To illustrate the distributed capacities within the Academy, CopHub.AC develops a Knowledge Landscape for navigation and effective access to the wealth of inventive research undertaken by the members. Built on the contribution through the gateway and research briefs, not only the collaboration within the ecosystem is animated and strengthened, but – adhering to the very function of an ‘academy’ – the interactive landscape also opens the door for non-scientists to be informed about the benefits of space-derived information. The CopHub4Citizen App makes the knowledge landscape and the research capacitites accessible for the interested public. We intend to ‘translate’ the research briefs into youth- or publicly understandable terms.


Figure 2: Measures taken by CopHub.AC to strengthen and sustain the Copernicus Academy

Finally, the two networks within the Copernicus ecosystem, the Academy and the Relays network, need to be well integrated and their activities synchronized. Therefore, two hub projects, CopHub.AC and its partner project CoRDiNet, have established close communication channels and coordinate their activities via a joint action plan. The measures described above will strengthen start-up/spin-off developments by supporting initiatives such as incubators and accelerators programmes by ESA and the Commission. Together with the Relays network, SMEs and young entrepreneurs will be animated, facilitated and supported to take part in competitions, such as the Copernicus Masters.

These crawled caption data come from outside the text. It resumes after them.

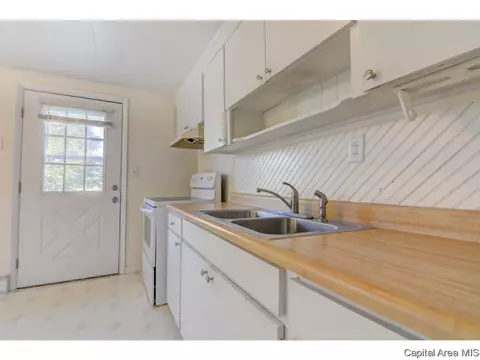 3225 Mars, Springfield, IL 62702 photo 2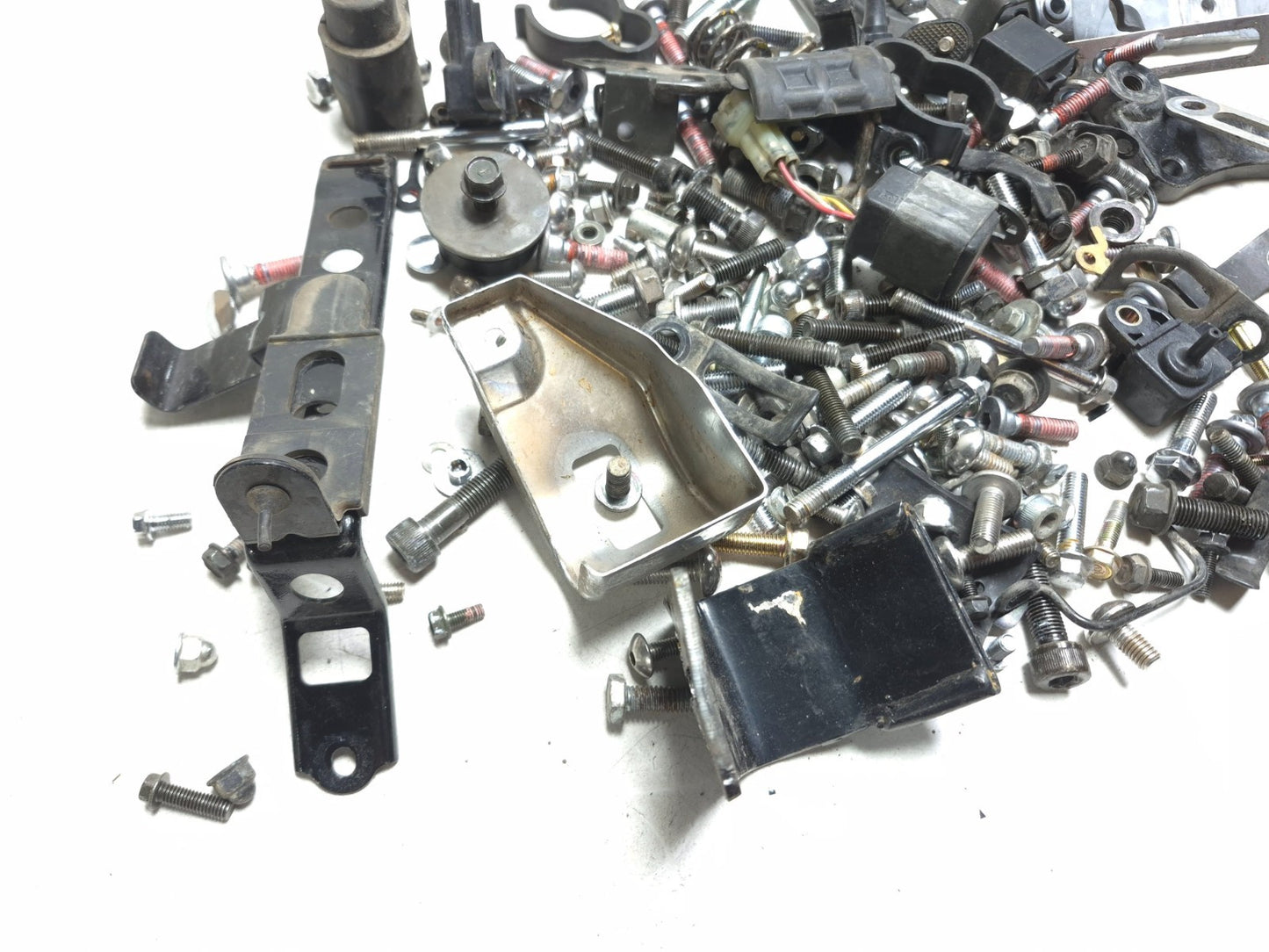 2001 Kawasaki Vulcan 1500 Vn1500 Classic Misc Bolt & Hardware Bracket OEM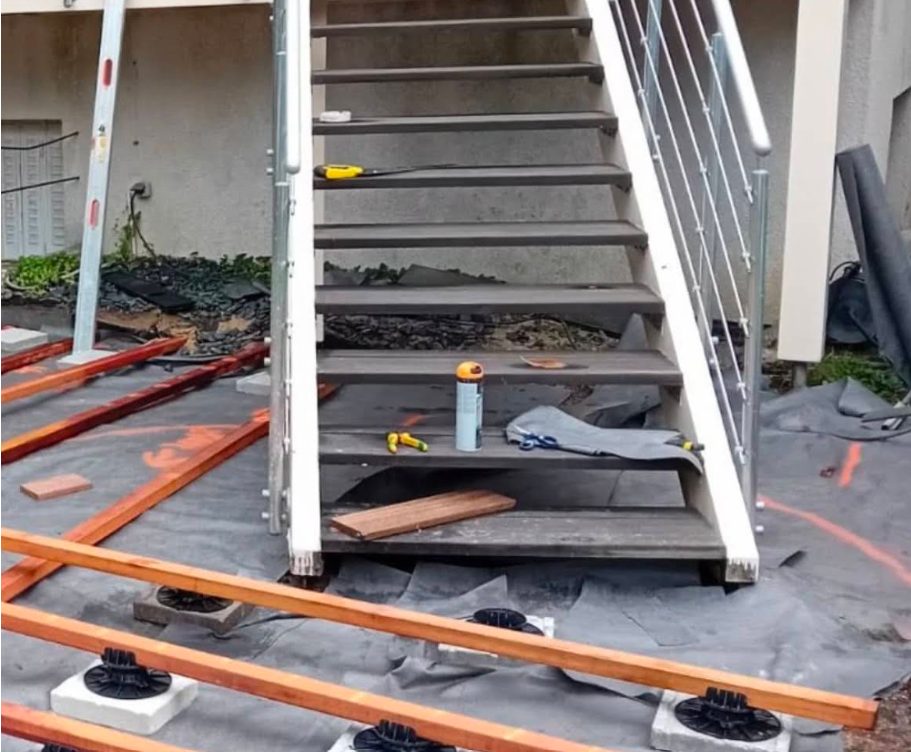 Terrasse en construction — structure et lambourdes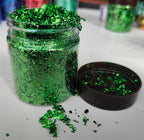 Gilding Flakes,Gold Foil Flakes for Resin,Blue Red Purple Pink Metallic Foil Flakes for Resin Jewelry Making,Nails,Painting Art,Crafts and Slime (Green)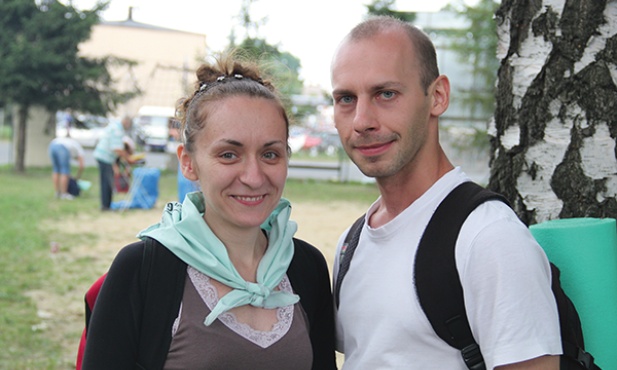  Kasia i Łukasz jeszcze przed ślubem,  w drugim dniu marszu na Jasną Górę
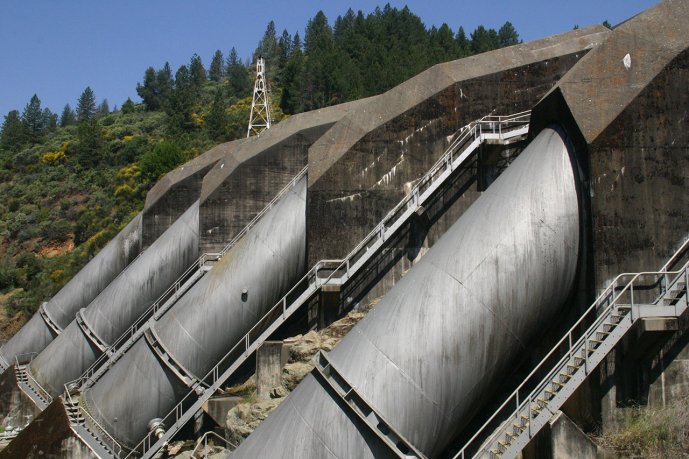 Shasta dam penstocks. (Source: © Gary Peplow / stock.adobe.com)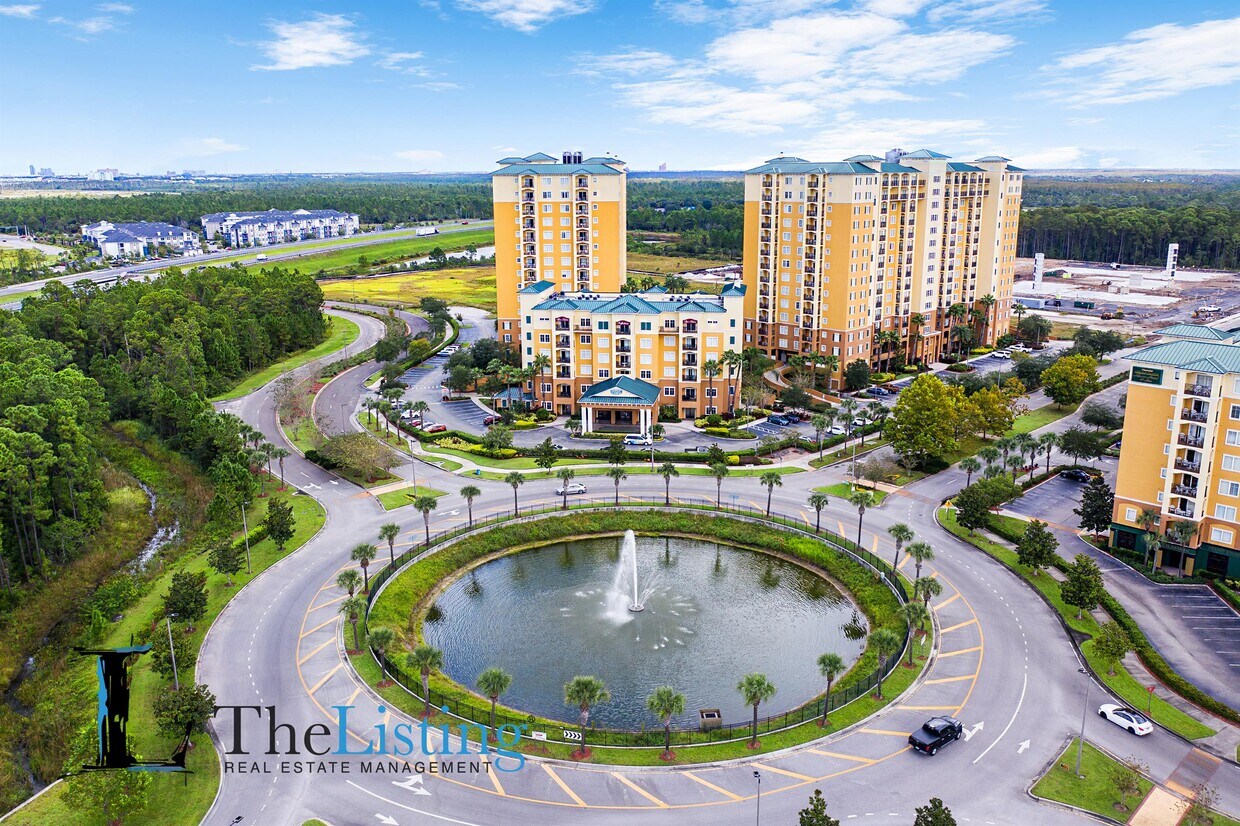 Foto principal - 8125 Resort Village Dr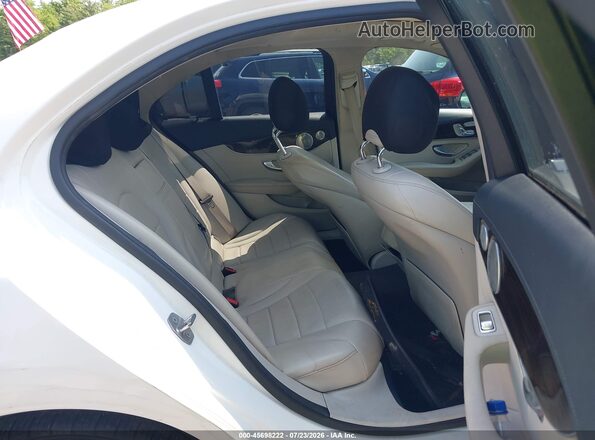 55SWF4KB9GU178174 2016 MERCEDES-BENZ C-CLASS White VIN კოდის სტიკერის ხედი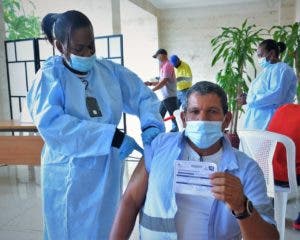 El centro de vacunación en explanada del Senado estará abierto el fin de semana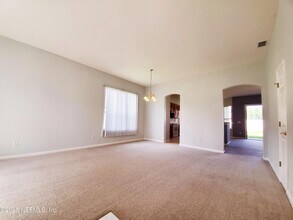 825 Lord Nelson Blvd in Jacksonville, FL - Building Photo - Building Photo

20+ years after the Baveno Manifesto (1998), Copernicus – Europe’s eyes on Earth – provides operational information services developed and constantly evolved by the effort of European researchers. This huge investment in terms of resources and brains deserves to be made known – not only to the research community but equally though to society at large. The need for education and skills development of the young generation for uptake of space data and their use to the benefit of the society, to make the space sector the strategically important tool, as foreseen by the Juncker Plan, including a deeper and fairer internal market with a strengthened industrial base for jobs, growth and investment in space and all industries building on satellite services.